SP: Swan Lake (January 19th), of course, is famous for being Russian ballet’s centerpiece performance. The Bolshoi Ballet in particular, where Moscow Festival Ballet director Sergei Radchenko got his start, is famous for their definitive productions of this ballet. What should audience members be looking for in the MFB’s production?

Daev: We are a purely classical ballet company. Our mission is to uphold the Russian classical ballet tradition. We’ve tried to keep our performance as true to the original version as possible. Of course, technique has improved over the years, but the original choreography of Petipas and Lev Ivanov is what we perform. Our Artistic Director, Elena Radchenko, staged our production, always keeping true to the original version.

SP: Cinderella (Jan 21), with its fairy tale inspiration and happy ending, can seem like the kiddie production of this trio. But I know in high school I saw some extremely blasé peers converted by the quality and power of Prince Charming’s dancing during a production in Cincinnati. What are your favorite features of this production?

Daev: That is a difficult question to answer because I love it all! Ballet is a perfect medium through which to tell a fairy tale, as shown through the many ballets based on fairy tales created through the centuries. They both tell stories with universal themes and emotions that all of humanity shares, but at the same time they both take the audience into another world where everything is possible and anything can happen. The music gives the emotions life and rhythm while the dancers tell the story through their movements and pantomime. 

SP: Why would you argue people should go out of their way to see a Russian ballet performance? What makes Russian ballet a special experience over, say, going to one of our touring American companies?

Daev: We are a purely Russian classical ballet company. Our performances are as close to the original masterpieces created by our predecessors as possible. Only modern technology for the stage and ever-evolving dancers’ technique bring us into this present time. Our dancers are very experienced but at the same time young and vital. We are a small company of 50 members so we can tour and take our ballets to many corners of the world where people do not usually have the opportunity to see purely Russian classical ballet.

SP: Would you recommend any of these performances in particular to someone who’s new to ballet?

Daev: Any one of the Ballets would be a good choice. Cinderella is a very popular story that everyone knows and might be easier for someone who is not familiar with ballet to follow.

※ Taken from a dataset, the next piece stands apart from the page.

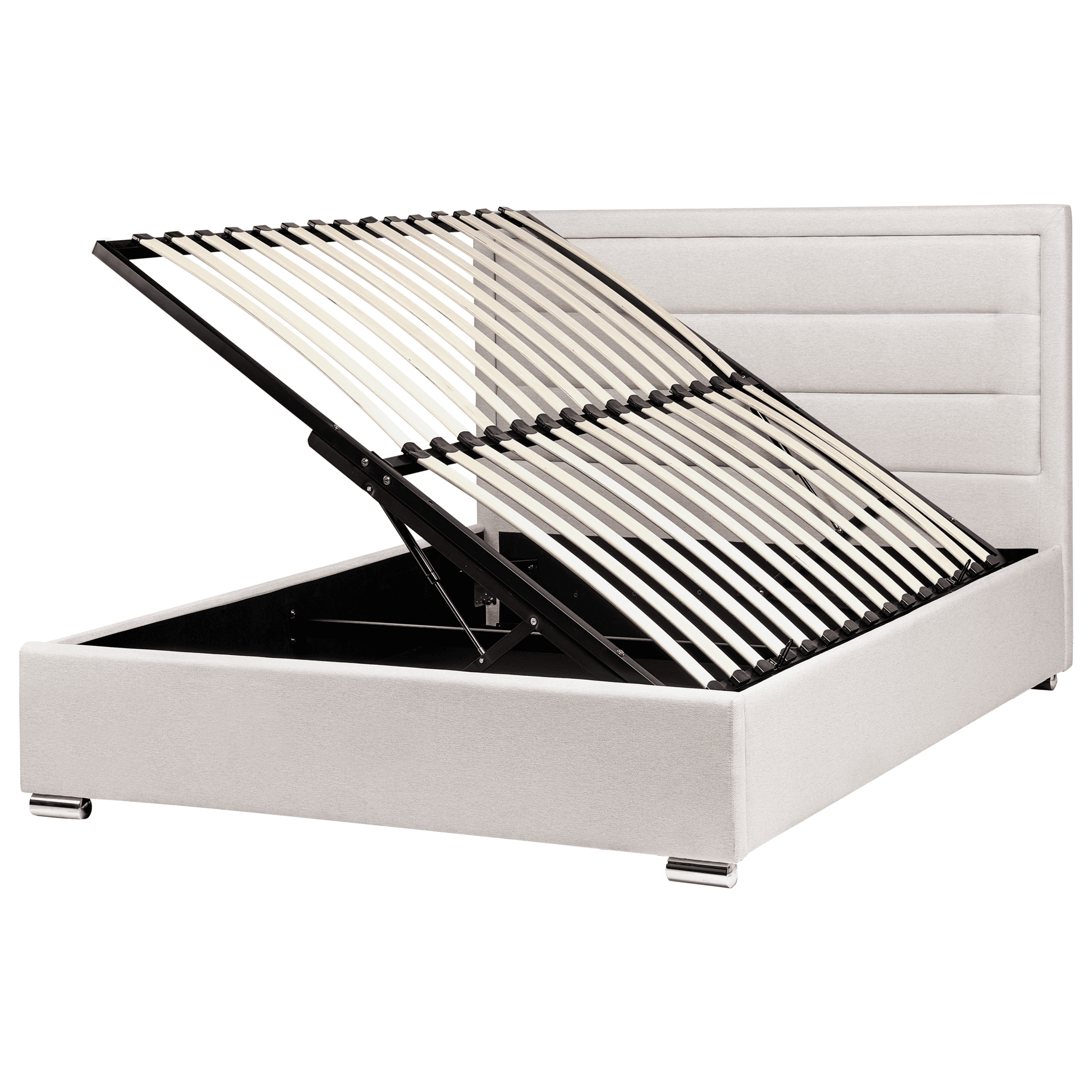 Sänky säilytystilalla kangas ROUEN 140 x 200 cm Vaaleanbeige – Beliani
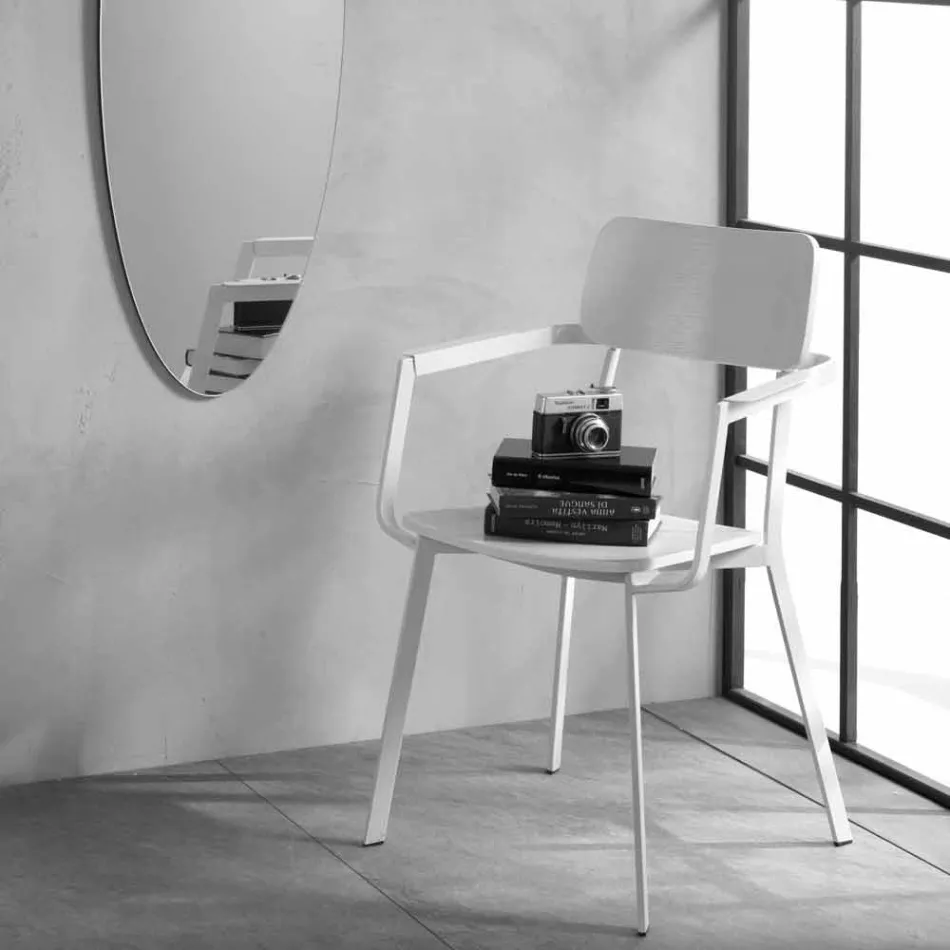 Karrige druri moderne me strukturë metalike të pikturuar, 4 copë - Habibi Viadurini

Peformances are Tuesday/Wednesday/Thursday this week, with each ballet only offered on the date listed. The ballets begin at 7 p.m. Tickets for each performance are $45 general admission, $40 for senior citizens, $15 for non-U-of-I students, and $10 for U of I students and youth (high school and younger). Flex pricing is also available. Tickets are available online or by calling the ticket office at 217-333-6280.